There are scenarios were instead of removing these entries completely you wish to replace it with something else. You can do so using `fillna`. So here we are considering discounts so it is reasonable to replace null by 0.

In [None]:
data = pd.read_excel(Path.cwd() / "data/Financial Sample.xlsx", header=2)
data = data.fillna(0)

print(data[data["Discounts"] == 0])

A common situation I have uncountered is where we have a column for year and quarter and because the data is in order only Q1 has a year. In this scenario we want to do a forward fill `ffill`

In [None]:
data = {
    'Year': [2000, None, None, None, 2001, None, None, None, 2002, None, None, None, 2003, None, None],
    'Quarter': ['Q1', 'Q2', 'Q3', 'Q4', 'Q1', 'Q2', 'Q3', 'Q4', 'Q1', 'Q2', 'Q3', 'Q4', 'Q1', 'Q2', 'Q3']
}
df = pd.DataFrame(data)

print(df)

In [None]:
df_filled = df.ffill()

print(df_filled)

Simiarly there are other fill functions such as `bfill`. Please see documentation https://pandas.pydata.org/docs/reference/api/pandas.DataFrame.bfill.html

## Identify and handle duplicate data

You can identify duplicates using built in duplicates function. By default the function checks duplicates across all columns.

In [None]:
data = pd.read_csv(Path.cwd() / "data/customers-1000.csv")

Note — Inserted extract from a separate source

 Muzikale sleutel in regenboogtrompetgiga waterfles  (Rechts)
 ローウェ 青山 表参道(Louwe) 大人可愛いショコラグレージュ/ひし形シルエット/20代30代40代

duplicates = data[data.duplicated()]
print(duplicates)

This data contains no duplicate values. You can specify across what columns you want to check for duplicates by listing the columns you want to check.

In [None]:
duplicates = data[data.duplicated(["City"])]
print(duplicates)

To remove duplicates you can use the built in `drop_duplicates` function.

In [None]:
data = data.drop_duplicates(subset=["Country"])

print(data)

## Identify and handle data types

Data types are very important as it will effect the functions you can use if python has misinterpretated your data as something else. For example for many things we will look at later, we need to ensure that numeric data is interpreted as numeric in order to use it for plotting charts and using `pivot_table`. The `info` function can be really useful for getting some overview information aboout a dataframe. 

In [None]:
data = pd.read_excel(Path.cwd() / "data/Financial Sample.xlsx", usecols=[0,1,2,4], header =2)

print(data)
print(data.info())

The main data types we will look at are:
   - `int`: Represents integers (e.g., `x = 10`)
   - `float`: Represents floating-point numbers (e.g., `x = 3.14`)
   - `str`: String, sequence of characters (e.g., `text = "Hello, World!"`)
   - `bool`: Boolean value (`True` or `False`, e.g., `flag = True`)
   - `NoneType`: Represents the absence of value (e.g., `x = None`)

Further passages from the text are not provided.